[What is needed]
Each line below must be reproduced exactly, though the pictures are to be dropped.
(Input data begins)
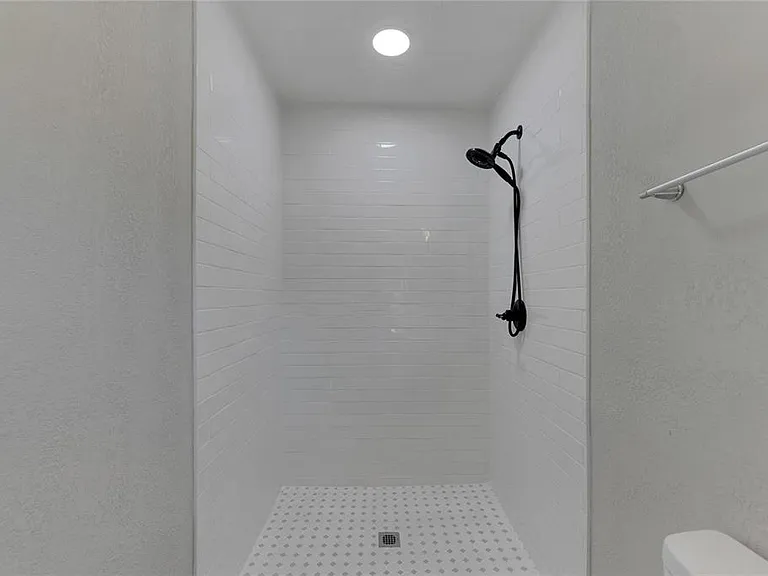 527 Fox Run Trl — Photo 39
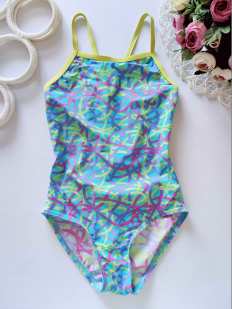 9,10 лет, рост 134,140 Детский купальник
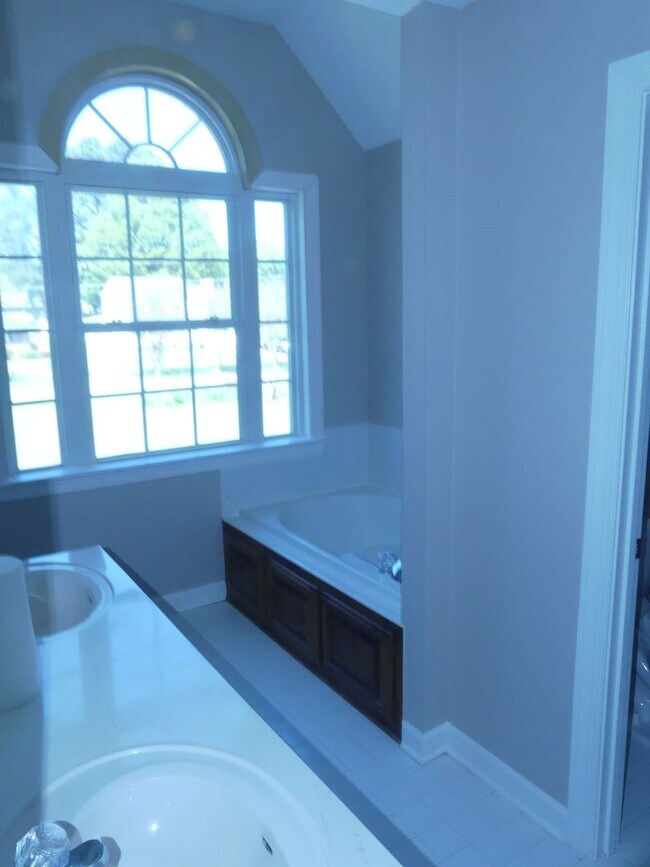 Building Photo - Water Front home on the Poquoson River wit...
(Input data ends)
[Result of the task]
 527 Fox Run Trl — Photo 39
 9,10 лет, рост 134,140 Детский купальник
 Building Photo - Water Front home on the Poquoson River wit...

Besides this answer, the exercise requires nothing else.